Task item
Would you copy the entries that follow exactly, leaving out every picture?

===== Source material =====

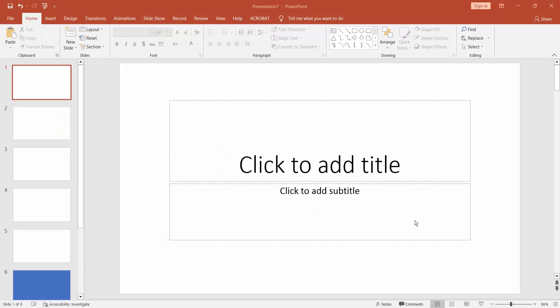Assalamualaikum. In this video, I will show you how to crop a picture to a custom shape in Microsoft PowerPoint. Let's get started.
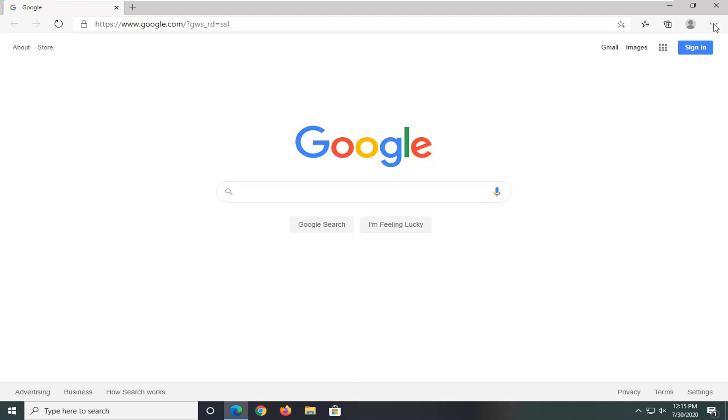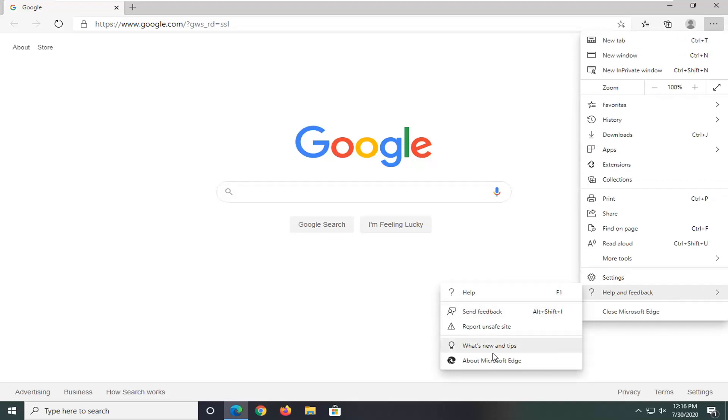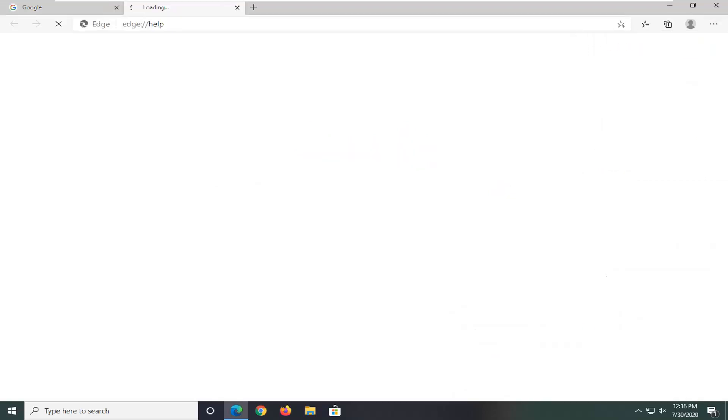Go ahead and left click on that and then you want to select the help and feedback option near the bottom of this list and then select about Microsoft Edge.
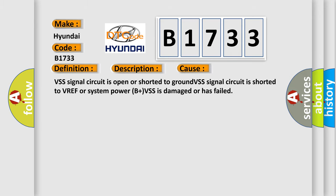This diagnostic error occurs most often in these cases. VSS signal circuit is open or shorted to ground. VSS signal circuit is shorted to VREF or system power. VSS is damaged or has failed.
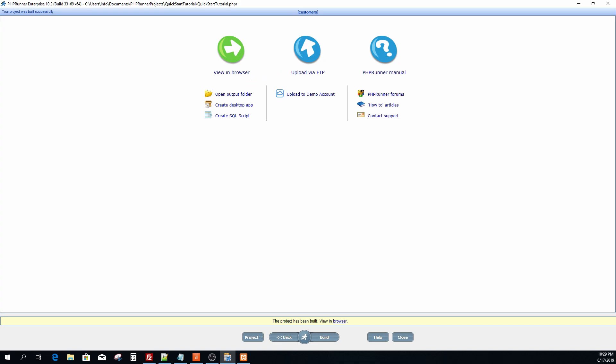You can also upload the files to the remote web server using the built-in FTP client. Alternatively, publish your application to our demo server. Additionally, you can sign up for our hosting specifically dedicated to PHP 100 customers.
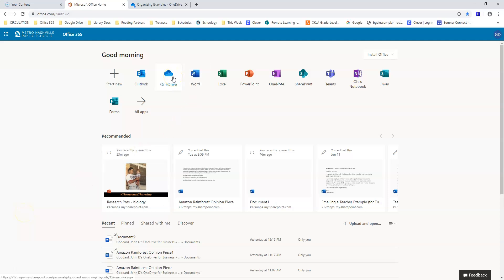OneDrive on Office 365 is where you organize your Word docs, PowerPoint presentations, and more. In this tutorial, we will review some important viewing options and actions, then help you set up a system for organizing your files.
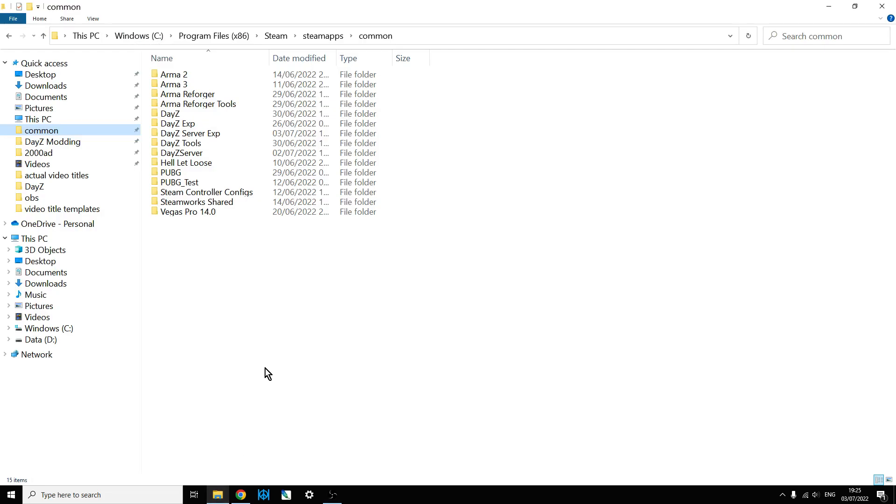Hi everybody, in this video I'm going to show you how you can get custom JSON files, that is the files that create custom structures on your DayZ local server, how you get them to work, so how do you activate them, where do you put them, all this sort of stuff.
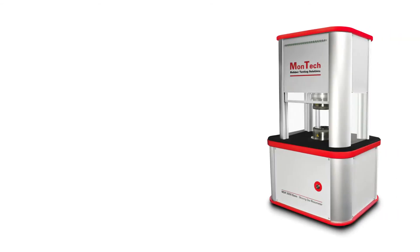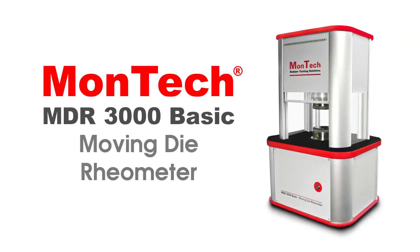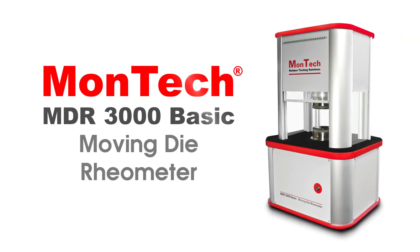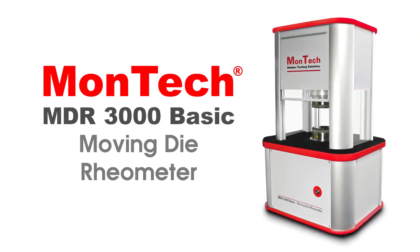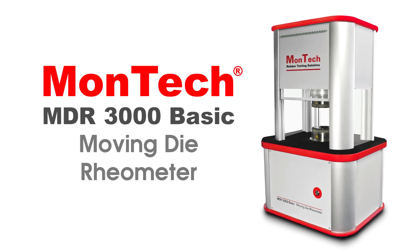MonTech's MDR3000 Basic gives reliable and accurate results for essential tests in rubber and polymer production. Contact us or visit our website to learn more about MonTech's MDR3000 Basic.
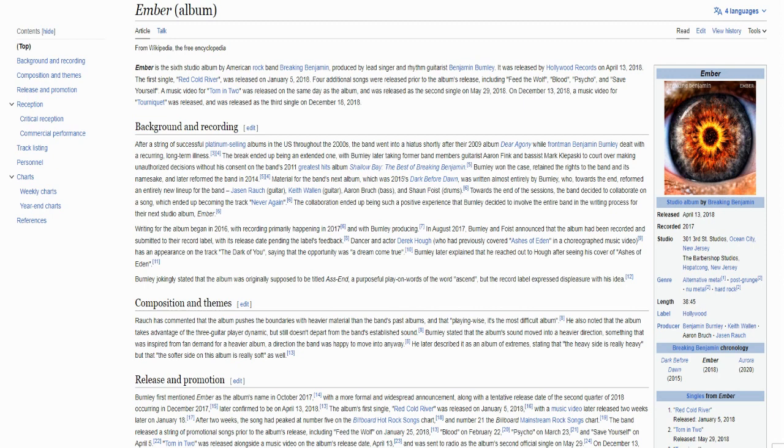Hi everyone, I'm Jim and welcome to the review of Ember, the sixth studio record by the band Breaking Benjamin. Today we're celebrating the fifth anniversary of the record, so I've decided to go back and see if it still holds up or not.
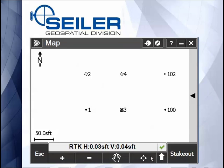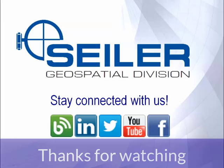That concludes this Seiler Instrument Quick Tip, Part 104. If you have any questions, please give us a thumbs up. Thank you.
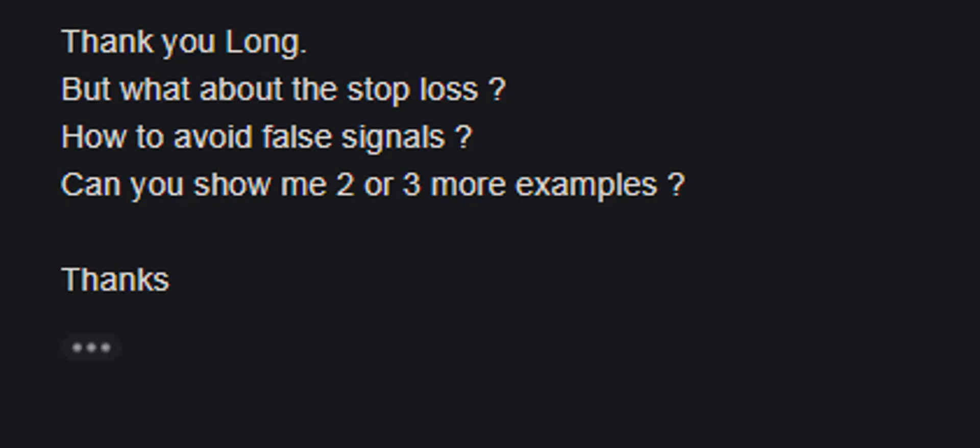Thank you for watching this candlestick trading video. Regarding stop loss and how to avoid false signals — can you show two or three more examples? Stop loss, higher bull bear.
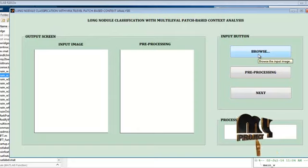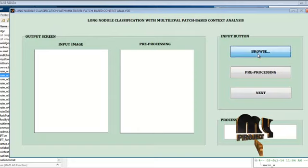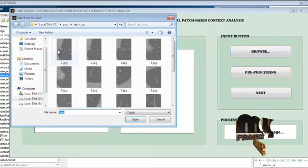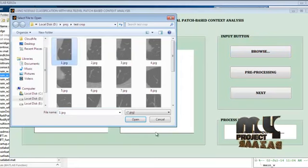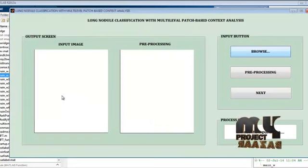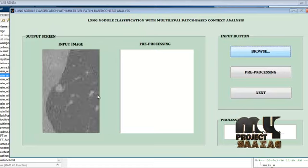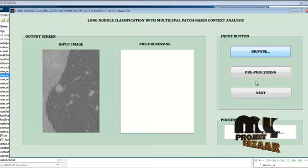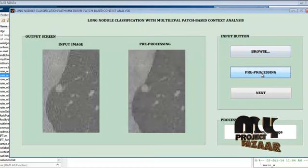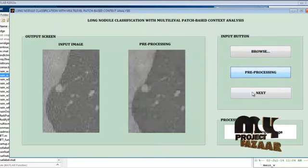First, browse the input lung nodal image from the database. The input image is then displayed. Then go to the pre-processing step, which uses the 2D order statistic filter.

=====

Answer below
Assalamualaikum. In this video, I will show you how to crop a picture to a custom shape in Microsoft PowerPoint. Let's get started.
Go ahead and left click on that and then you want to select the help and feedback option near the bottom of this list and then select about Microsoft Edge.
This diagnostic error occurs most often in these cases. VSS signal circuit is open or shorted to ground. VSS signal circuit is shorted to VREF or system power. VSS is damaged or has failed.
You can also upload the files to the remote web server using the built-in FTP client. Alternatively, publish your application to our demo server. Additionally, you can sign up for our hosting specifically dedicated to PHP 100 customers.
OneDrive on Office 365 is where you organize your Word docs, PowerPoint presentations, and more. In this tutorial, we will review some important viewing options and actions, then help you set up a system for organizing your files.
Hi everybody, in this video I'm going to show you how you can get custom JSON files, that is the files that create custom structures on your DayZ local server, how you get them to work, so how do you activate them, where do you put them, all this sort of stuff.
MonTech's MDR3000 Basic gives reliable and accurate results for essential tests in rubber and polymer production. Contact us or visit our website to learn more about MonTech's MDR3000 Basic.
Hi everyone, I'm Jim and welcome to the review of Ember, the sixth studio record by the band Breaking Benjamin. Today we're celebrating the fifth anniversary of the record, so I've decided to go back and see if it still holds up or not.
That concludes this Seiler Instrument Quick Tip, Part 104. If you have any questions, please give us a thumbs up. Thank you.
Thank you for watching this candlestick trading video. Regarding stop loss and how to avoid false signals — can you show two or three more examples? Stop loss, higher bull bear.
First, browse the input lung nodal image from the database. The input image is then displayed. Then go to the pre-processing step, which uses the 2D order statistic filter.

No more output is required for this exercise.